29 2-3-4 Trees

T.V. Geetha

epgp books

 

 

 

Welcome to the e-PG Pathshala Lecture Series on Data Structures. In this module we will discuss another type of balanced trees where non leaf nodes can have a maximum of 4 children.

 

Learning Objectives

 

The learning objectives of the module are as follows:

 

•  To understand the concept of 2-3-4 Trees

•  To discuss insertion into 2-3-4 Trees

•  To describe deletion from 2-3-4 Trees

•  To discuss the advantages and disadvantages of 2-3-4 Trees

 

29.1 2-3-4 Trees

 

In a 2-3-4 tree, all leaf nodes are at the same level however data can appear in all nodes. The 2, 3, and 4 in the name refer to how many links to child nodes can potentially be contained in a given node.

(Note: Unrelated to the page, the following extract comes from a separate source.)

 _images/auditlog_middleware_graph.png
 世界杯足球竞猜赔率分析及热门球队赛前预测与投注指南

For non-leaf nodes, three arrangements are possible:

  • A node with only one data item always has two children
  • A node with two data items always has three children
  • A node with three data items always has four children.

In other words, for non-leaf nodes with at least one data item (a node will not exist with zero data items), the number of links may be 2, 3, or 4. Because a 2-3-4 tree can have nodes with up to four children, it is also called a multiway tree of order 4. Non-leaf nodes must/will always have one more child (link) than it has data items -Equivalently, if the number of child links is L and the number of data items is D, then L = D+1. An example of a 2-3-4 tree is given in Figure 29.1

Figure 29.1 Example of a 2-3-4 Tree

 

Now let us look at the rules for placing data items in the nodes of a 2-3-4 tree.

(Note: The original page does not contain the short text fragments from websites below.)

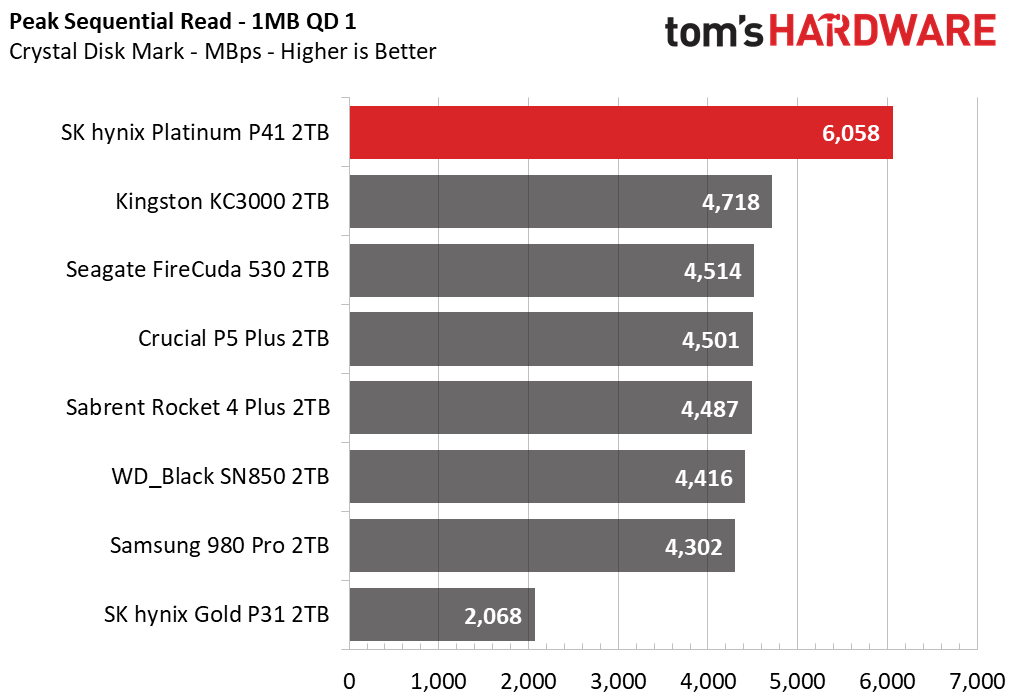 SK hynix Platinum P41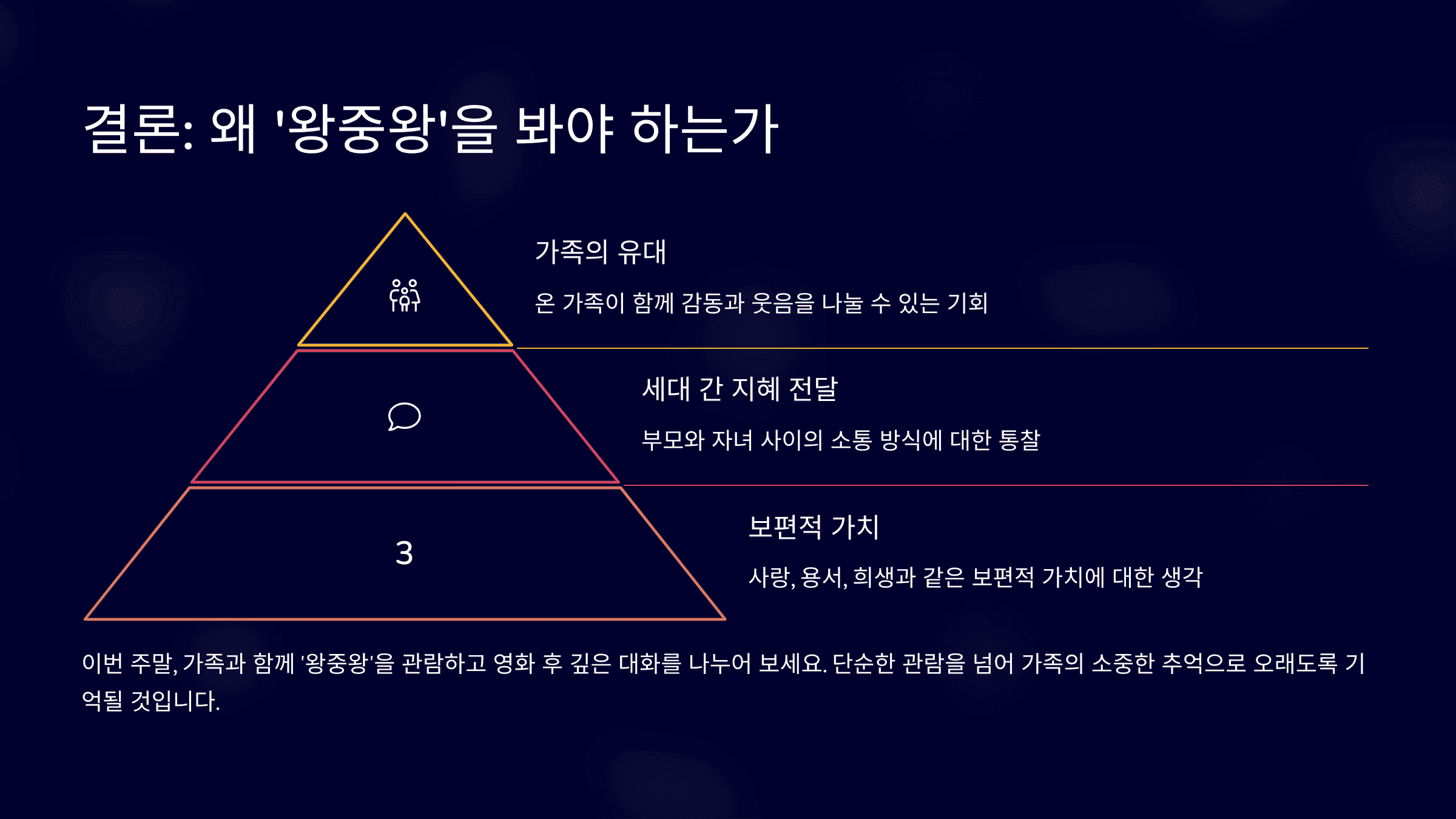 결론: 왜 '왕중왕'을 봐야 하는가
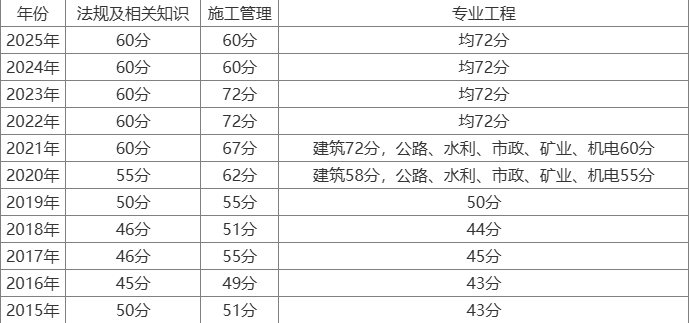 二級建造師合格分?jǐn)?shù)線新疆二級建造師合格分?jǐn)?shù)線  第2張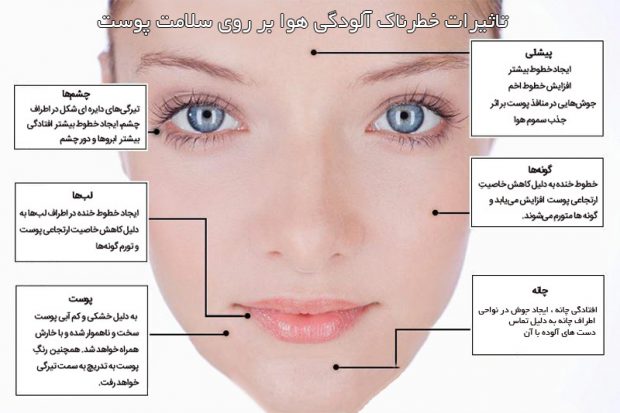 سلامت پوست 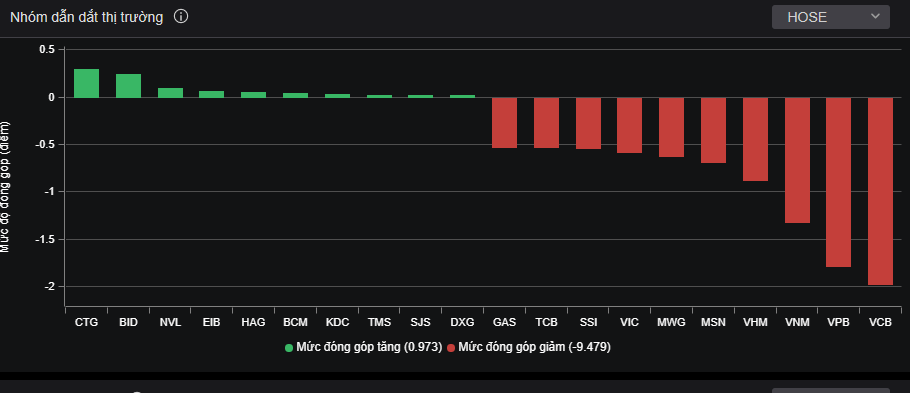 Các mã tác động tiêu cực đến chỉ số VN-Index trong phiên.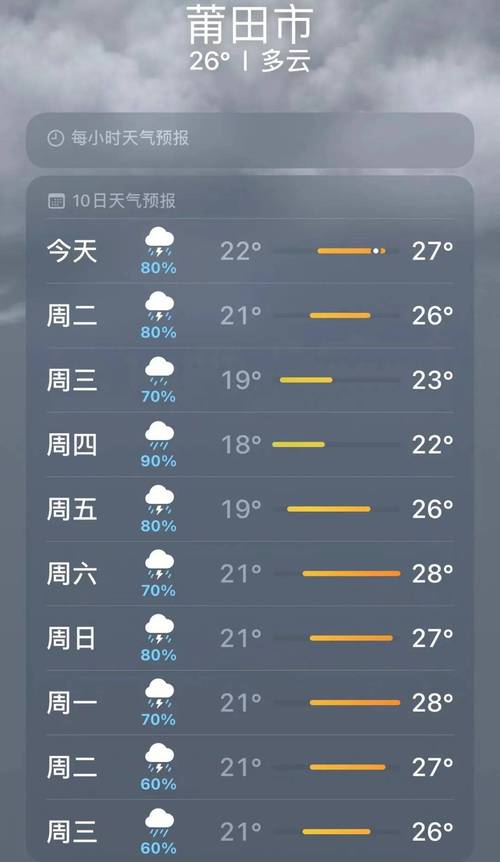 涠洲岛一周天气预报,涠洲岛天气预报15天气报-第5张图片-文史 涠洲岛一周天气预报,涠洲岛天气预报15天气报-第5张图片-文史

  • 2-node (two children), must contain a single data item that satisfies relationships
  • 3-node (three children), must contain two data items that satisfies relationships
  • 4-node (four children), must contain three data items that satisfies relationships

 

29.2 Features of 2-3-4 Trees

 

2-3-4 trees have some very nice features. They are always balanced. Recall the definition of a balanced tree that we discussed in the previous module. A tree is balanced (here unless otherwise specified balanced implies height balanced) if the difference in height between any of the node’s subtrees is £ 1. The 2-3-4 tree is reasonably easy to program. It is also the basis for the understanding of B-Trees. B-Tree is another kind of multi-way tree particularly useful in organizing external storage, like files. B-Trees can have dozens or hundreds of children with hundreds of thousands of records.

 

Now let us go back to discussing 2-3-4 trees. As already discussed 4-node (four children) must contain three data items S, M, and L such that S is greater than left child’s item(s) and less than middle-left child’s item(s), M is greater than middle-left child’s item(s) and less than middle-right child’s item(s) and L is greater than middle-right child’s item(s) and less than right child’s item(s) (Figure 29.2). A leaf may contain either one, two, or three data items .

 

 

Summarizing in a 2-3-4 tree, a 2-node has 1 value and a max of 2 children, a 3-node has 2 values and a max of 3 children and a a 4-node has 3 values and a max of 4 children. The numbers associated with the nodes refer to the maximum number of branches that can leave the node. same as a binary tree node (Figure 29.3).

 

 

The 2-3-4 trees must maintain height balance in all subtrees. This is called the Depth property. However the nodes are allowed to expand to accommodate inserts. In particular, nodes can have 2, 3 or 4 children, called as Node-size property, e.g., a 4-node would have 3 keys that splits the keys into 4 intervals. Searching and Traversing a 2-3-4 Tree are simple extensions of the corresponding algorithms for a 2-3 tree.

 

When inserting data into a 2-3-4 Tree, there may be splitting of nodes carried out by moving one of its items up to its parent node. There may be splitting of 4-nodes as soon as it encounters them on the way down the tree from the root to a leaf . In order to find an item, we start at the root and compare the item with all the values in the node; if there’s no match, move down to the appropriate subtree and repeat until you find a match or reach an empty subtree

 

29.3 Insertion into 2-3-4 tree

 

For insertion to take place we first need to find the place for the item to be inserted as we do for any search tree. On the way down the tree, if you see any 4-nodes, split them and pass the middle value up. If the leaf is a 2-node or 3-node, add the item to the leaf. If the leaf is a 4-node, split it into 2 2-nodes, passing the middle value up to the parent node, then insert the item into the appropriate leaf node. There will be room, because 4-nodes were split on the way down.

 

If the leaf node into which the element is to be inserted is a 2 -node or 3-node, then simply insert the element into the leaf node.

 

If the leaf node into which the element is to be inserted is a 4-node, then this node splits and a backward (leaf-to-root) pass is initiated.

 

This backward pass terminates when either a 2-node or 3-node is encountered, or when the root is split.

 

To avoid the backward pass, we split 4-nodes on the way down the tree. As a result, the leaf node into which the insertion is guaranteed to be a 2- or 3-node.

 

There are three different cases to consider for a 4-node:

  • It is the root of the 2-3-4 tree.
  • It’s parent is a 2 node
  • It’s parent is a 3 node

 

29.3.1 Splitting Nodes During Insertion

 

Let us discuss the splitting of a 4-node (Figure 29.4). In general as given in Figure 29.4 (1.) we split a 4-node having data values S, M and L with children a, b, c, d into

 

two subtrees with data values S and L each with two children respectively. These two newly formed subtrees are connected to a parent node with data value M.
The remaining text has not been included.